Уильям Моррис. Узор для обоев «Акантус» (1879-1881)
Мы живем в эпоху алгоритмического мониторинга, когда наши покупки, предпочтения, политические взгляды и извращения всё чаще помечаются тегами, отслеживаются, предсказываются и продаются. Способы, которыми новые медиатехнологии используются государством и корпорациями для сбора наших личных данных, стали одной из актуальных проблем мирового дизайнерского сообщества.

В то время как многие дизайнеры причастны и даже играют важную роль в этой массовой монетизации и регулировании нашей цифровой идентичности, другие сопротивляются и в результате обращают внимание на вероломство этих процессов. Некоторые из этих примеров сопротивления носят чисто информационный характер и предназначены для того, чтобы помочь людям понять, как и почему наше частное и анонимное существование разрушается, или побудить нас принять меры по его защите и поддержать работу активистов, защищающих цифровые права.

Другая стратегия – предоставить инструменты и тактику, которые позволят нам более активно уклоняться, разоблачать или отбиваться от нежелательного внимания правительств и корпораций. Орнамент может сыграть ключевую роль в том, чтобы помочь горожанину ослепить или сбить с толку технологии, такие, как дроны, программное обеспечение для распознавания лиц, системы видеонаблюдения или софт для сканирования текста. Например, подрывной по своей сути шрифт ZXX Санг Муна распознается человеком, но из-за добавления лишнего орнамента сбивает программное обеспечение для сканирования текста с оптическим распознаванием символов (OCR).
Проект Glamouflage голландского дизайнера Симоны С. Никвилль предлагает одежду, запечатанную причудливыми коллажами из изображений знаменитостей и украденных фотографий лиц, которые используются в поддельных профилях и спам-рекламе, – метод, предназначенный для того, чтобы сбить с толку алгоритмы машинного зрения, которые всё чаще используются системами безопасности, путём добавления шума к изображению владельца.

Проект CV Dazzle Адама Харви, представленный в 2010 году, исследует, как шаблоны макияжа, нанесённые на лица, могут сбивать с толку алгоритмы компьютерного зрения.

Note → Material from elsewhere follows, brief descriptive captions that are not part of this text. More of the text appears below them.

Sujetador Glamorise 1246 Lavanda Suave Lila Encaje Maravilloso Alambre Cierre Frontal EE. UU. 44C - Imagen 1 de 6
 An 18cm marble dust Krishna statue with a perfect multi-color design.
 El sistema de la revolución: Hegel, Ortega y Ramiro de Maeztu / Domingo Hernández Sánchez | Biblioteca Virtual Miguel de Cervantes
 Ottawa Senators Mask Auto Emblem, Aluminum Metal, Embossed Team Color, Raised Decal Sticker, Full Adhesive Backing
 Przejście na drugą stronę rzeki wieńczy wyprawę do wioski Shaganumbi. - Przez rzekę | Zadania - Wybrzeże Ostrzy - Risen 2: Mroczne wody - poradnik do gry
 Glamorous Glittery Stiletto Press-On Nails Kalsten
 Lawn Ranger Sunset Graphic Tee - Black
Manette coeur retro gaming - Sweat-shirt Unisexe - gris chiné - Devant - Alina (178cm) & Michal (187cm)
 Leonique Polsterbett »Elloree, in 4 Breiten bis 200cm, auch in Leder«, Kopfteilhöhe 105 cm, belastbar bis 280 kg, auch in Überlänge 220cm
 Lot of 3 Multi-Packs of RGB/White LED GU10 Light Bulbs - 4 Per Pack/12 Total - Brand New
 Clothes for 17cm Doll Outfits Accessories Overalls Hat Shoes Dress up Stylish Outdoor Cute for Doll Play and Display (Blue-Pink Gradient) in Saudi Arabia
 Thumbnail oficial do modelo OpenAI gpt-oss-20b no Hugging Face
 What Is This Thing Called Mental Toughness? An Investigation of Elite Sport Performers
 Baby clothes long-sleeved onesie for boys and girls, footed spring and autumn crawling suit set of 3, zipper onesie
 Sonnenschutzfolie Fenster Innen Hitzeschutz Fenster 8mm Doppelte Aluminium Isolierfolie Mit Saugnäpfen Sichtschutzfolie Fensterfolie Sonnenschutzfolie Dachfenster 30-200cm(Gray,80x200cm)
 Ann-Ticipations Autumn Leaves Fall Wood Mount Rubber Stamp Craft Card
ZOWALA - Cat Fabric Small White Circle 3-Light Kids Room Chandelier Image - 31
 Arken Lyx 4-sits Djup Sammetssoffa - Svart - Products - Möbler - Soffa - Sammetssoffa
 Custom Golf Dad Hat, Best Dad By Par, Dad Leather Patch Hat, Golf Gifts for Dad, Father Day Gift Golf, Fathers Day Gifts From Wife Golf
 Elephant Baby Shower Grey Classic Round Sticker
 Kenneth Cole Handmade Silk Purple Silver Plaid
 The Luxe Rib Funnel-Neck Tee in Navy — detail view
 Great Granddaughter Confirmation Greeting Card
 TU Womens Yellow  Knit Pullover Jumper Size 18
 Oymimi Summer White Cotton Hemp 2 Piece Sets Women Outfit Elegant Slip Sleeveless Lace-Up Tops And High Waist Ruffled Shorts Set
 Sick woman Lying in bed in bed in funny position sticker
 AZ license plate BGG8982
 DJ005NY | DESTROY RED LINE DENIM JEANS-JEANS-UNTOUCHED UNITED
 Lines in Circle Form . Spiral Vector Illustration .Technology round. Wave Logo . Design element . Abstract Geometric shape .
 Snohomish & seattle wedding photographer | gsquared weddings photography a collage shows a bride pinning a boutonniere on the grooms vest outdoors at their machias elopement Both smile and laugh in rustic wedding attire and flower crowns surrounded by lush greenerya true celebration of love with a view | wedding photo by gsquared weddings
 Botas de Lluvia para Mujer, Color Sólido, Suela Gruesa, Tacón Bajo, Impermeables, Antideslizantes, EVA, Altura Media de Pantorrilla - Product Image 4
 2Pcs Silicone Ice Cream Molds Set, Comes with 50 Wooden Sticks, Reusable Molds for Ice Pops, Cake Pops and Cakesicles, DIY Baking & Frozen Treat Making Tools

Название отсылает к военно-морскому камуфляжу времён Первой мировой войны, в котором использовался дизайн в кубистском стиле, чтобы нарушить визуальную целостность линкора и скрыть его местоположение и размер. Точно так же, поскольку алгоритмы распознавания лиц полагаются на идентификацию и пространственные отношения ключевых черт лица, таких как симметрия и тональные контуры, Харви и другие обнаружили, что распознавание можно предотвратить, создав «антилицо». Этот проект приобрел большее значение в контексте таких движений, как Black Lives Matter, где для протестующих может быть жизненно важно скрыть свою личность.

В некотором смысле в эти тёмные, хаотические времена как никогда важно использовать паттерн как способ осознать происходящее. Но еще важно было бы направить силы на воображение такого паттерна и орнамента, который обладал бы потенциалом разрушить неолиберальный проект здравого смысла. Для этого нам нужно больше паттернов и орнаментов, которые оставались бы неоднозначными и тонкими, чувственными и разнообразными, которые нельзя было бы предсказать и которые оставались бы достаточно открытыми, чтобы защитить пространство для других на тот случай, когда это станет действительно необходимым.